Exercise goal: The data below contains pictures, which are to be skipped; the lines starting at the line with "Teppich CASABLANCA LOOP" and ending at the line with "Černé žebrované šaty s volánky" are to be output exactly, both ends included.

Material supplied:
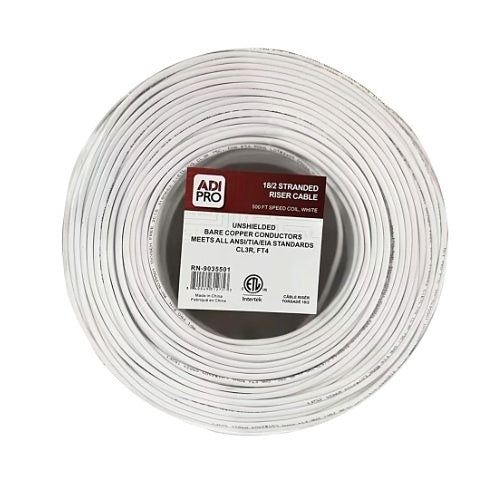 ADI PRO RN-9035501 18/2 Stranded Riser Unshielded Cable, CL3R, 500\' Speed Coil, White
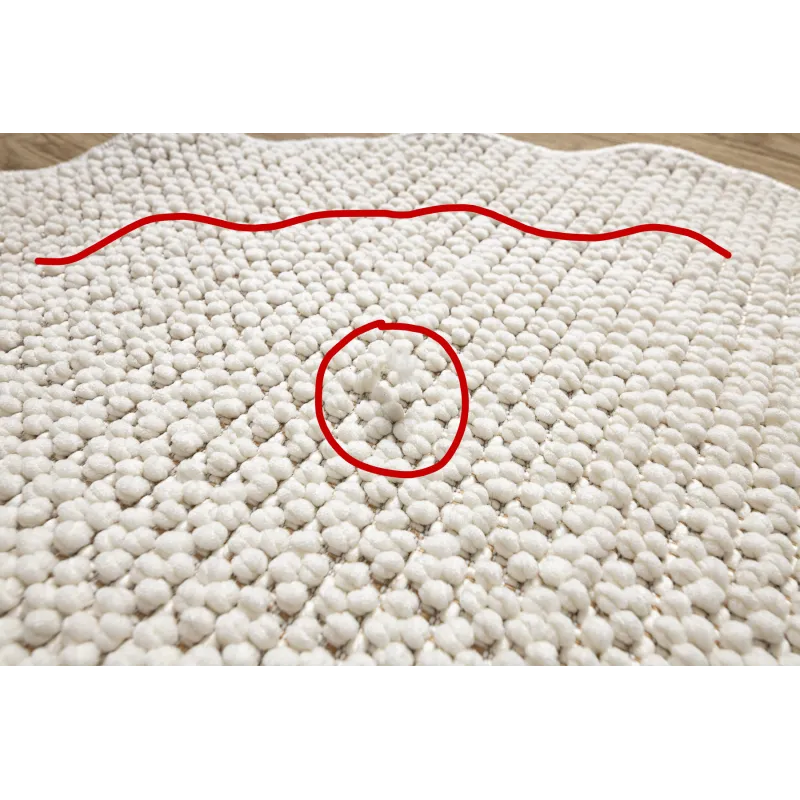 Teppich CASABLANCA LOOP rund weiß Schlingflor, weich - 2. WAHL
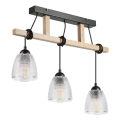 Pendel på ledning LEANDRA 3xE27/15W/230V eg/sort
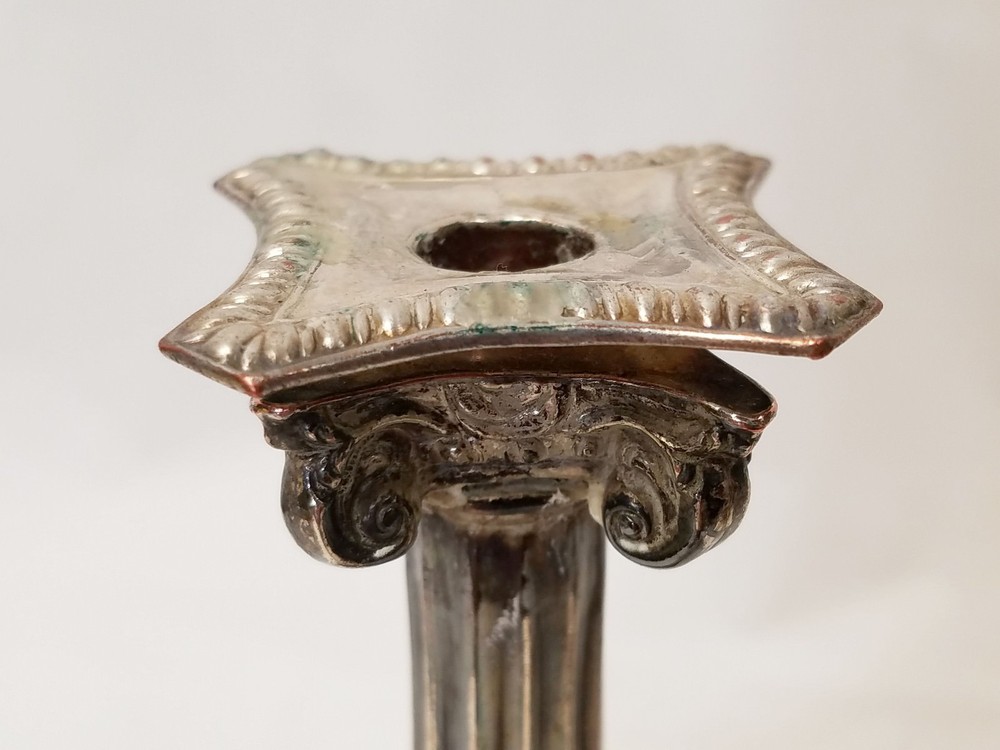 Pair Antique Sheffield Silver on Copper Neo-classical Taper Candlesticks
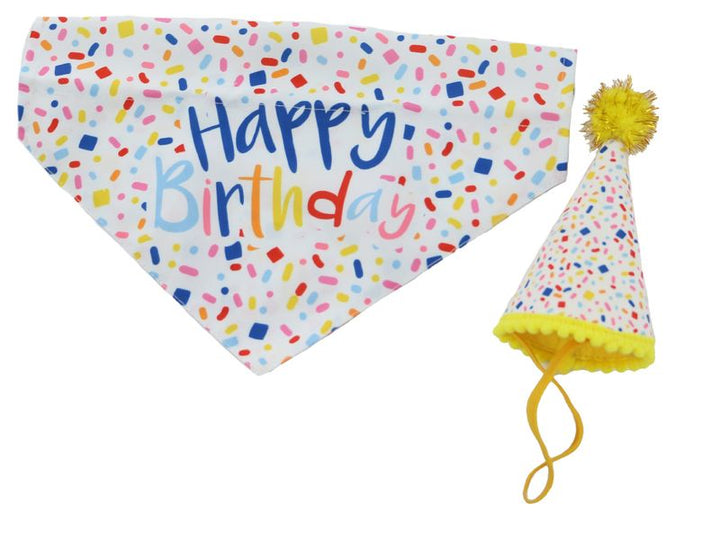 Sprinkle Happy Birthday Bandana and Hat set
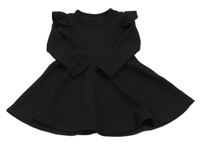 Černé žebrované šaty s volánky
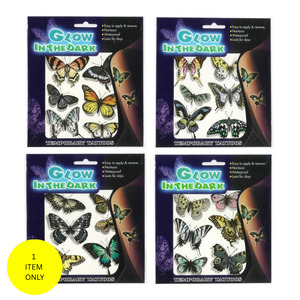 Temp Tattoos Glow in Dark Butterflies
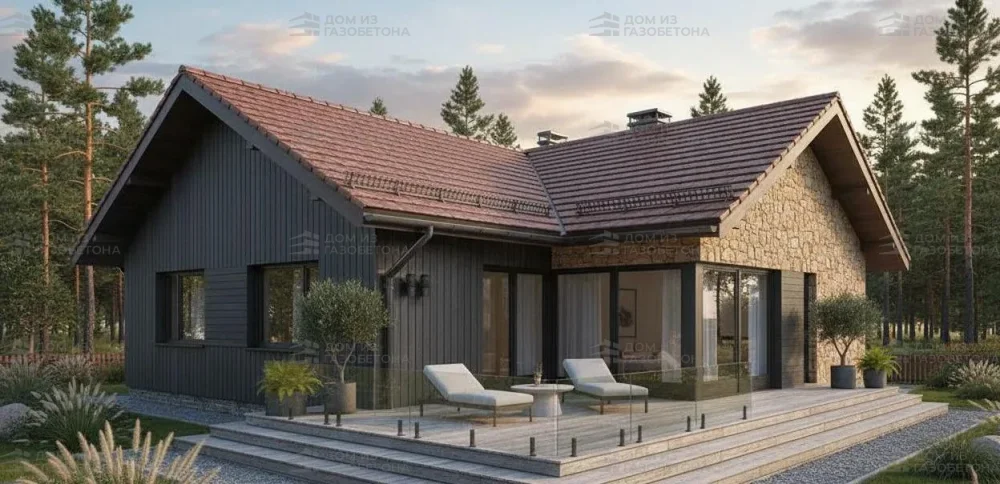 Проект Одноэтажный дом 12 на 13, 107 м2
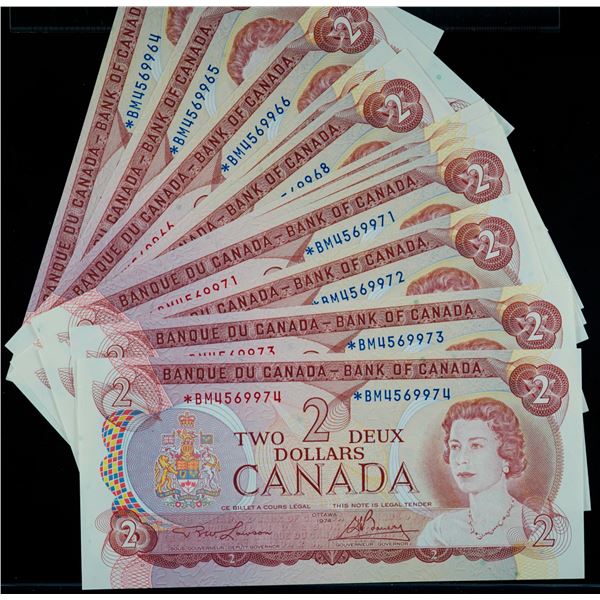 1974 $2 BC-47bA #*BM4569964-974, Lot of 11 Choice Unc. Notes.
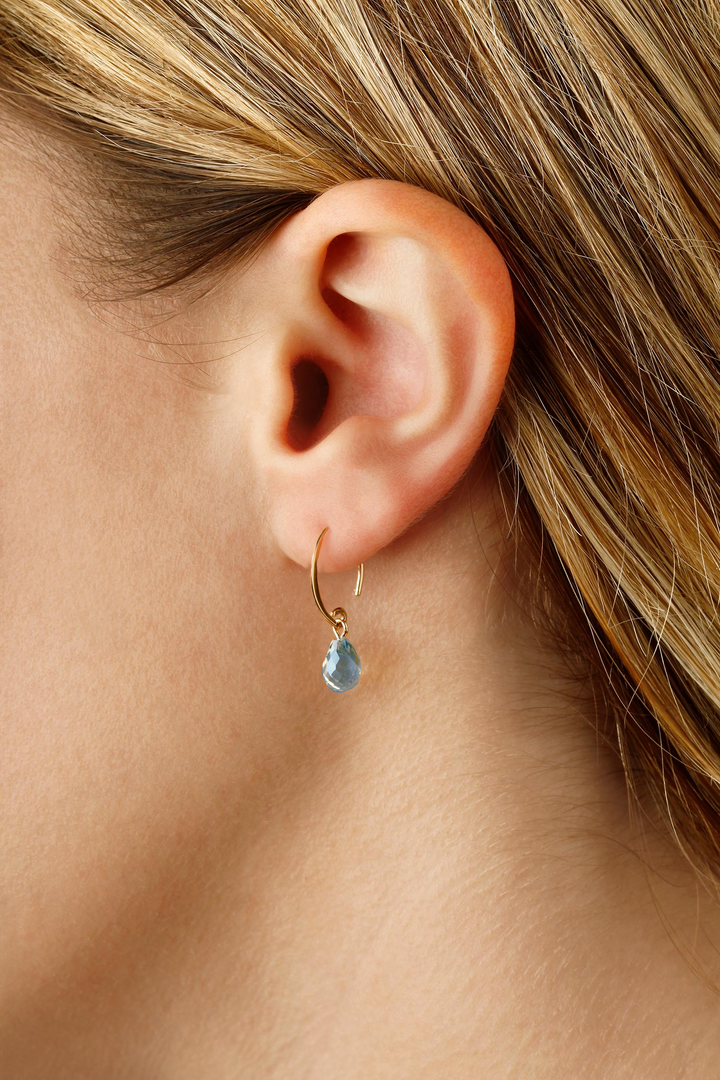 Simple Sweep 14k Yellow Gold Briolette Swiss Blue Topaz Drop Earrings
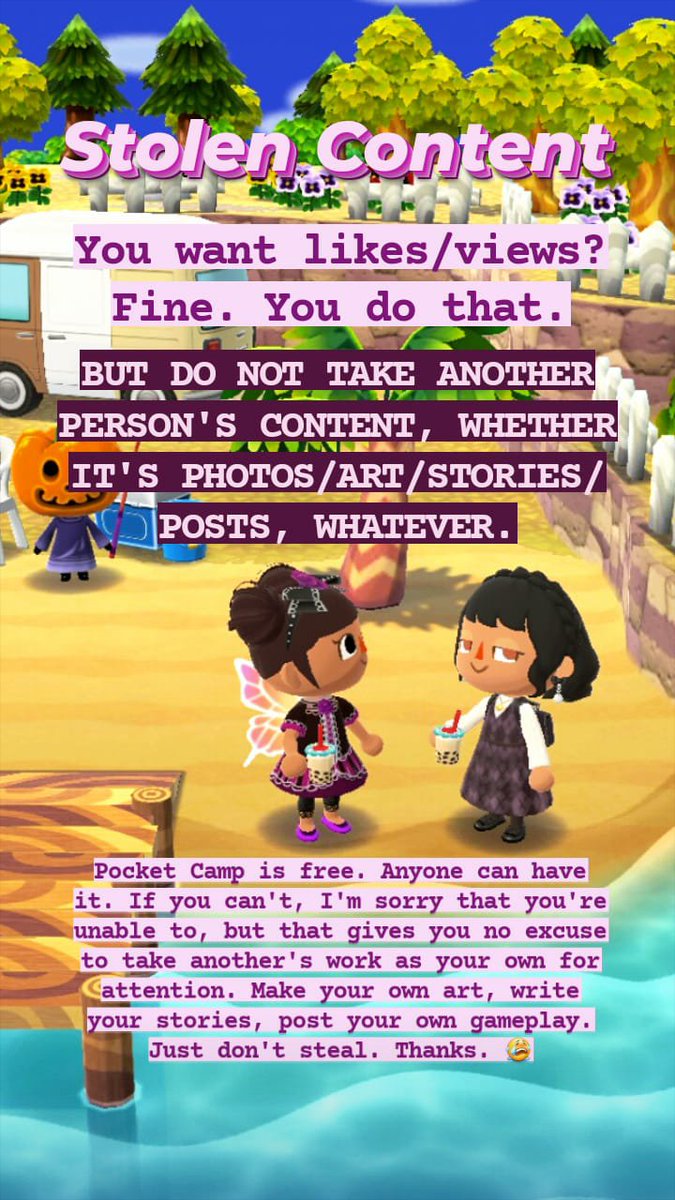 mayormaihansen's tweet photo. My thoughts regarding to stolen content I've been seeing lately, specifically for Pocket Camp content. Original Story updates on my Instagram @mayormaihansen.
#acpc #animalcrossing #pocketcamp #acpcgallery #acpcdesign #acpcfall #acpchalloween #acpcinstagram https://t.co/TDH4v8ymCC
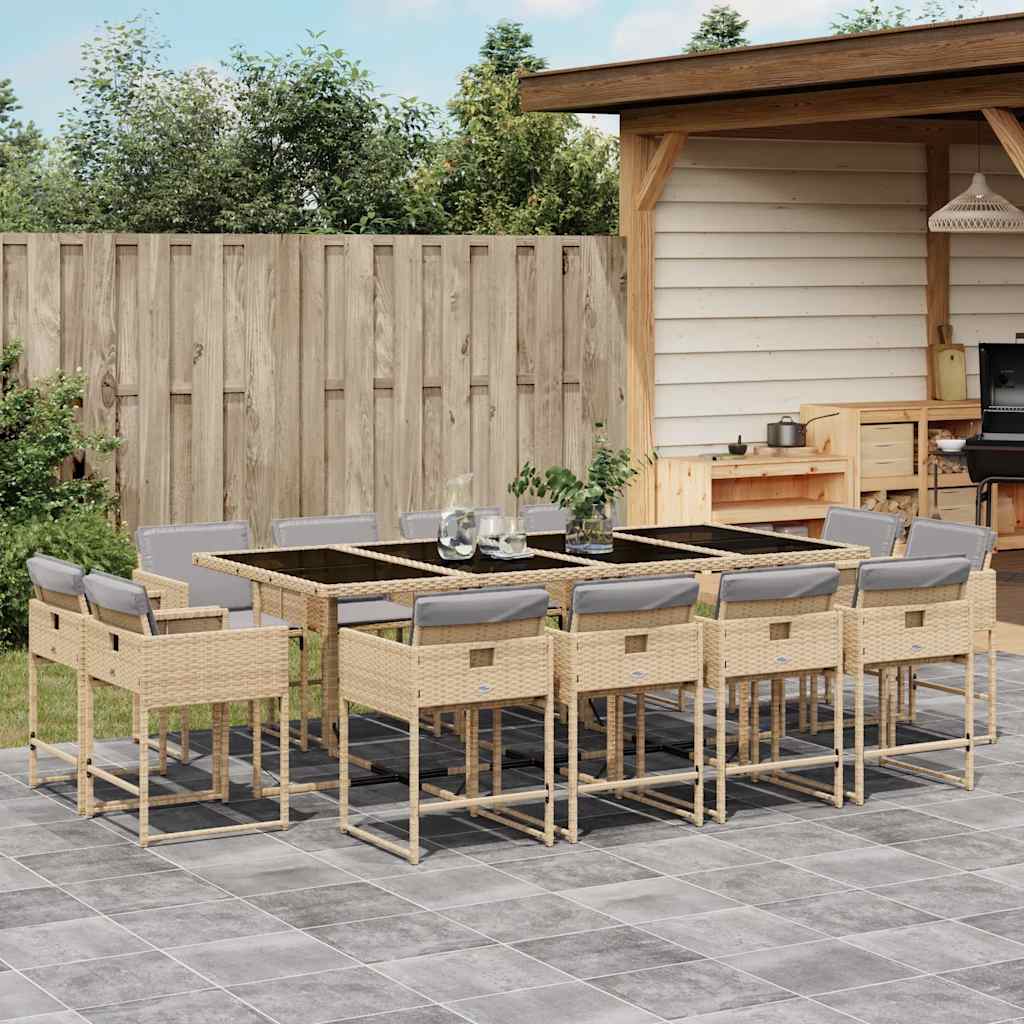 13-delige Tuinset met kussens poly rattan gemengd beige – afbeelding 1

Answer section:
 Teppich CASABLANCA LOOP rund weiß Schlingflor, weich - 2. WAHL
 Pendel på ledning LEANDRA 3xE27/15W/230V eg/sort
 Pair Antique Sheffield Silver on Copper Neo-classical Taper Candlesticks
 Sprinkle Happy Birthday Bandana and Hat set
 Černé žebrované šaty s volánky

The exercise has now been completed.